◆ STORED DATA ◆
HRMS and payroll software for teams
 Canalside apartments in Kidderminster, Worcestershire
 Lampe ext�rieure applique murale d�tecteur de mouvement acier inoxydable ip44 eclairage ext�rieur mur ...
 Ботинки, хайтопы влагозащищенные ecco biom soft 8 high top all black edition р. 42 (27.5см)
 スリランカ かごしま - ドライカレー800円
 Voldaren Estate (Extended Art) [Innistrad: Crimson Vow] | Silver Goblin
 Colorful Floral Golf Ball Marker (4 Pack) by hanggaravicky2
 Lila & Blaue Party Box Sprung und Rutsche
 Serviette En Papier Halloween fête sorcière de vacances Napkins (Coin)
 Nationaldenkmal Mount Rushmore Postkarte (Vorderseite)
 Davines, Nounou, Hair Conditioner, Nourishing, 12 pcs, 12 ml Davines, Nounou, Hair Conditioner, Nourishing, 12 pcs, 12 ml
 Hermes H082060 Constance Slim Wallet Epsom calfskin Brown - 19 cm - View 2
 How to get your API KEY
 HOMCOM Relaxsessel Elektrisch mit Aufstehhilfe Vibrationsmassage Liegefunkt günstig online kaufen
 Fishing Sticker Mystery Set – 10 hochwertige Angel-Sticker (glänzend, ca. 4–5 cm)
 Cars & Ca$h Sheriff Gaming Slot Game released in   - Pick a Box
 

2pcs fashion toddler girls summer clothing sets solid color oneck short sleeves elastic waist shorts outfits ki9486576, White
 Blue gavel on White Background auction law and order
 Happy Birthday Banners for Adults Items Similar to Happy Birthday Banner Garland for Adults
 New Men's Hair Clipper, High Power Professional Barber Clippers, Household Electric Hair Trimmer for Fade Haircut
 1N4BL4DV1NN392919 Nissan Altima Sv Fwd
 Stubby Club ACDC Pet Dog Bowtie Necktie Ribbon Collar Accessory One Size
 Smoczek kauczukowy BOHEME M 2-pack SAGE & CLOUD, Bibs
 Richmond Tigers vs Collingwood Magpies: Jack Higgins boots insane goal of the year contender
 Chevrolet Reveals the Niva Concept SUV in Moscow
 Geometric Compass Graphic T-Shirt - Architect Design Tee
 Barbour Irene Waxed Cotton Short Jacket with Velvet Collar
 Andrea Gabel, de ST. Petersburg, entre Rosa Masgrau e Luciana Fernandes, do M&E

◆ DIRECTIONS FOR THIS TASK ◆
Begin with the top line of the material and go as far as the line with "スリランカ かごしま - ドライカレー800円". Set down those lines exactly, both ends included, and nothing more.

◆ EXERCISE OUTPUT ◆
HRMS and payroll software for teams
 Canalside apartments in Kidderminster, Worcestershire
 Lampe ext�rieure applique murale d�tecteur de mouvement acier inoxydable ip44 eclairage ext�rieur mur ...
 Ботинки, хайтопы влагозащищенные ecco biom soft 8 high top all black edition р. 42 (27.5см)
 スリランカ かごしま - ドライカレー800円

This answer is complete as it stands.